Passarella was born in Chacabuco, Buenos Aires. He started his career at Sarmiento of Junín, Buenos Aires, in 1971. He played there until 1973, when he joined River Plate. Playing for Los Millonarios, he was constantly starting to be called up to the Argentina national team.

After his good performances at the 1982 World Cup, he joined Serie A side Fiorentina in the summer of 1982. At the Italian club, he scored 11 goals during the 1985–86 season, a record for a defender at the time, although the goal tally was surpassed by Marco Materazzi in the 2000–01 season.

In 1986, he joined Internazionale, where he ended his Italian playing career in 1988. After his successful spell in the Serie A, he returned to River Plate, where he played until his retirement.

He was called "El Gran Capitán" ('the Great Captain', the nickname of the Argentinian independence hero, José de San Martín),"El Kaiser" (an allusion to German defender Franz Beckenbauer) or "El Caudillo" ('the Chief') because of his leadership ability, his passion, and his organisational prowess on the field. He was a defender who often joined the attack, and helped generate and finish offensive plays. He was the all-time highest-scoring defender, with 134 goals in 451 matches, a record that was later broken by Dutch player Ronald Koeman.

His aerial game was effective both defensively and in attack. Despite his average height of 1.73 m, he frequently scored headers. He was also a noted free-kick and penalty specialist. Furthermore, he was known for using elbows against rivals whilst managing to avoid the referee's gaze.

== International career ==
As one of the pillars of the Argentina national football team, he would captain the team during the 1978 World Cup held in Argentina. He was the first Argentine player to hold the World Cup, as it was handed to him first when Argentina won the final.

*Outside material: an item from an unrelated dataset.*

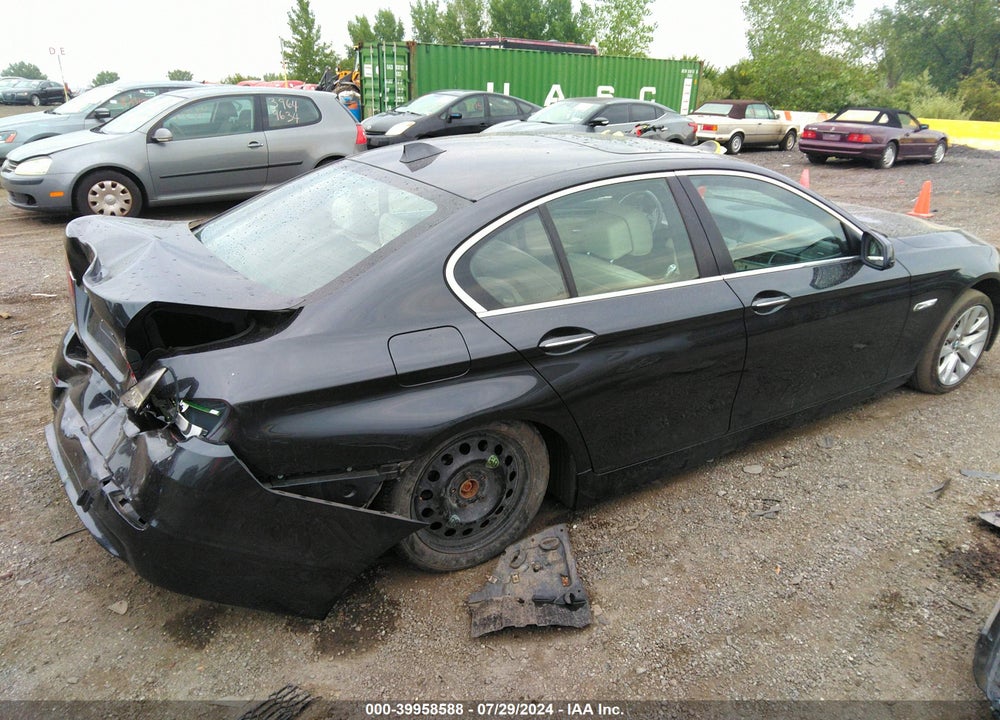 2013 BMW 528I XDRIVE VIN: WBAXH5C50DDW13873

During the qualifying rounds of the 1986 World Cup, Passarella contributed to the goal which ensured Argentina's qualification in the final minutes of their match against Peru by allowing teammate Ricardo Gareca to score.

A bout of enterocolitis caused him to miss the 1986 World Cup in Mexico. He was replaced in the first team by defender José Luis Brown and failed to regain his place after recovering from illness. Passarella had a fractious relationship with captain Diego Maradona and coach Carlos Bilardo during the tournament. He later claimed Bilardo and Maradona made certain that he was sidelined; although he is the first and so far only player to feature in two Argentina World Cup–winning squads, he did not play any of the matches in 1986, not even as a substitute.

== Player profile ==
=== Style of play ===
Despite playing as a centre-back, normally operating in the sweeper or libero role, Passarella was also a prolific goalscorer, and was known for his ability to push forward and contribute to his team's attacking plays. Despite his small stature (1.73m), he was also known to be good in the air, which made him a goal threat on indirect set pieces, with many of his goals coming from headers; he was also known for scoring decisive goals in important games throughout his career, and was also an accurate direct free kick and penalty kick taker.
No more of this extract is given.